Love, Letters, and Elizabeth Bowen
Julia Parry
Duckworth Books ($24.95)
by Elizabeth Smith
A box of old love letters discovered in an attic is both the premise of Elizabeth Bowen’s ethereal 1955 novel A World of Love and the real-life inheritance of the author of The Shadowy Third, Julia Parry. During the first decade of Bowen’s own marriage, Parry’s grandfather Humphrey House (who was then a young academic) had an affair with the Anglo-Irish writer. Previously unpublished, the letters Parry found chart the arc of the affair from 1930s Oxford through war-torn London. With Bowen currently enjoying a much-deserved re-examination, The Shadowy Third is cannily timed; a paper treasure trove, it includes letters between House and Bowen as well as House’s wife Madeleine, offering a snapshot of a bygone era in which letter writing was the primary form of communication.

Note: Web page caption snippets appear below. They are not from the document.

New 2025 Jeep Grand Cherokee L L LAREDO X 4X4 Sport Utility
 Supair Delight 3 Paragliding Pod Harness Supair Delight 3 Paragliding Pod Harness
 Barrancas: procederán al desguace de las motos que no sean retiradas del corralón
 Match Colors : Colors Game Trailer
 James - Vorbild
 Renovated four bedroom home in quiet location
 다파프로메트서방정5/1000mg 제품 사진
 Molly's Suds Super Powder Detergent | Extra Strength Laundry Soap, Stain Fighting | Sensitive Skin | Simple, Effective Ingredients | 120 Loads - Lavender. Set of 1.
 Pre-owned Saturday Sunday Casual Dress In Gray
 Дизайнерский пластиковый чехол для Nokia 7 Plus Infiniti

Bowen, born in the twilight of the Protestant Ascendancy, called herself a writer first and woman second. A hostess par excellence, she translated her love of life into exquisite prose. In addition to House, her lovers also included the Irish writer Seán Ó Faoláin and Canadian diplomat Charles Ritchie; these dalliances from her virtually chaste marriage provided endless material for her art. Yet the story Parry tells in her book is curiously bloodless, and despite the salacious revelation that Bowen lost her virginity to House (almost ten years after her own wedding night), the latter comes across as an unconvincing lover, a weak man who wrote to his wife before they wed, “I cannot cure myself, even now our marriage is settled, of violent and casual physical attraction to all kinds of women.” In family lore House was eventually forced to escape the clutches of Bowen by fleeing to India, where he learned Bengali and translated poetry, among other desultory end-of-the-Raj jobs. Bowen, meanwhile, had already begun a flirtation with the American poet May Sarton.
Under Parry’s hand, the three main players are spotlit and shadowed by turns. The affair proceeds across England and Ireland, and we see Elizabeth inviting Humphrey (and occasionally, Madeleine) into her sophisticated world of writers, intellectuals, and aristocrats. It is the author herself who is least shadowy. Her journey through the letters, taking her from London to India, the U.S., and Ireland, is studded with vignettes of her family, created through supposition and invention. Like Bowen, whose war effort included reporting to the British authorities on the feelings prevalent in neutral Ireland, Parry calls herself “a spy, an interceptor . . . I have a metaphorical red crayon and pair of scissors,” and she echoes her grandfather’s delight in the “privilege in the discovery of unknown papers.”
Parry wields her scissors heavily, doling out Bowen’s beautiful words with a tight fist, one eye always on her family’s reputation. When we are allowed a glimpse of the prose, however, it is a lovely treat indeed. In a rare full letter, Elizabeth describes “A young woman in a sky-blue dress who walk[ed] past along the bank, by a row of poplars as we were having tea, like a Renoir figure,” and writes even more blissfully of how “Those untrodden-looking valleys slipping liquidly past in the evening light were a dream . . .” Ultimately, Parry’s story is frustrating, however, and her reticence to give Bowen voice begs the question: Who is the “shadowy third” in the triangle?